## Required action
Return only the lines from the one containing "Salus Assam, Schwarzer" to the end of the material, with each one exactly as it appears.

## The data
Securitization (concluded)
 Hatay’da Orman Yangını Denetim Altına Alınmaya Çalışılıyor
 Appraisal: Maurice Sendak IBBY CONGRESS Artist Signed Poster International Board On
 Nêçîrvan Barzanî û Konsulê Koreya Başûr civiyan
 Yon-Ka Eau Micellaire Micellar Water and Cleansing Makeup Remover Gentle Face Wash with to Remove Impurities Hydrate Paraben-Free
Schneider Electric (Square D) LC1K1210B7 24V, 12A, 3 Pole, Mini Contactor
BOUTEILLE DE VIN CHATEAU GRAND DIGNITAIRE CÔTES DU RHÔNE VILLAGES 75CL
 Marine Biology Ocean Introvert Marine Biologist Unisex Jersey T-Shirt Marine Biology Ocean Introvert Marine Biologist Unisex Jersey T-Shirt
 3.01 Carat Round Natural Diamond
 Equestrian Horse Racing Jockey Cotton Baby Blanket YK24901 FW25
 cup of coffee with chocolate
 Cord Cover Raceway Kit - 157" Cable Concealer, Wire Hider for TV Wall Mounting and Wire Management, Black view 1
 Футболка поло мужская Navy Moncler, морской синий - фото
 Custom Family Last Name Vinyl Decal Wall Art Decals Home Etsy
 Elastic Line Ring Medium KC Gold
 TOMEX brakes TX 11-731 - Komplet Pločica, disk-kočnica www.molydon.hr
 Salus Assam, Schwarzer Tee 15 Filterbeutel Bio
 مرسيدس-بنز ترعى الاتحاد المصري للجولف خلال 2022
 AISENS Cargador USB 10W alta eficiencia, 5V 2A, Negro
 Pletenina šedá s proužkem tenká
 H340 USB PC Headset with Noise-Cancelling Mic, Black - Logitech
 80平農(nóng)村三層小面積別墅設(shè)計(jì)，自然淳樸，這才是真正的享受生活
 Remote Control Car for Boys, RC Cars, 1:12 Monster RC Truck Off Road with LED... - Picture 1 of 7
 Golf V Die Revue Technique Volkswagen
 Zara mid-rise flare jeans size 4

## Expected answer
 Salus Assam, Schwarzer Tee 15 Filterbeutel Bio
 مرسيدس-بنز ترعى الاتحاد المصري للجولف خلال 2022
 AISENS Cargador USB 10W alta eficiencia, 5V 2A, Negro
 Pletenina šedá s proužkem tenká
 H340 USB PC Headset with Noise-Cancelling Mic, Black - Logitech
 80平農(nóng)村三層小面積別墅設(shè)計(jì)，自然淳樸，這才是真正的享受生活
 Remote Control Car for Boys, RC Cars, 1:12 Monster RC Truck Off Road with LED... - Picture 1 of 7
 Golf V Die Revue Technique Volkswagen
 Zara mid-rise flare jeans size 4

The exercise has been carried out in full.